To remove some of the misconceptions existing in reference to these treatises, and the many errors occasioned by the variety of their titles, I propose to give a brief account of their literary history. The publication of the present volume supplies materials hitherto unknown to the biographers of Roger Bacon, and more obvious means for correcting previous mistakes.
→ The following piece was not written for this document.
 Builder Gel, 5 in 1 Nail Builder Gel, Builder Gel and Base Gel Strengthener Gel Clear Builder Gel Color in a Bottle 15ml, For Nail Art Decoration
¹ Of this learned and laborious scholar I wish to speak with unfeigned respect. English literature is much indebted to his disinterested, zealous, and indefatigable exertions. He was born at Nottingham, educated at Peterhouse in Cambridge, attached himself to the nonjurors, and became librarian to the celebrated Jeremy Collier. He appeared as an author at an early age, printing during his residence at Cambridge, in 1718, a translation of "Martyn's answers to Emlyn." On leaving the University he married a relative of a Mr. Dillingham, an apothecary in large practice in Red Lion Square. From Dillingham he received lessons in chemistry. His son, afterwards Sir Richard Jebb, the eminent physician, well known to the readers of Boswell's Johnson, was born at
Stratford in Essex, in 1729, where his father had settled shortly before. Dr. Samuel Jebb is favorably known to students of English history by his Life of Mary Queen of Scots, extracted from the original records—a work still high in repute—and by his edition of Bacon's Opus Majus, published in 1733, and dedicated to Dr. Mead. He died in the enjoyment of a comfortable fortune, acquired by his profession, on the 9th of March 1772. The brother of whom he speaks, in his preface to the Opus Majus, as first drawing his attention to a copy of that work among the MSS. of Trinity College, Dublin, was undoubtedly Dr. John Jebb, the Dean of Cashel, father of the Cambridge reformer. A waspish notice of him occurs in Hearne's Reliquiae, p. 665, under the year 1727.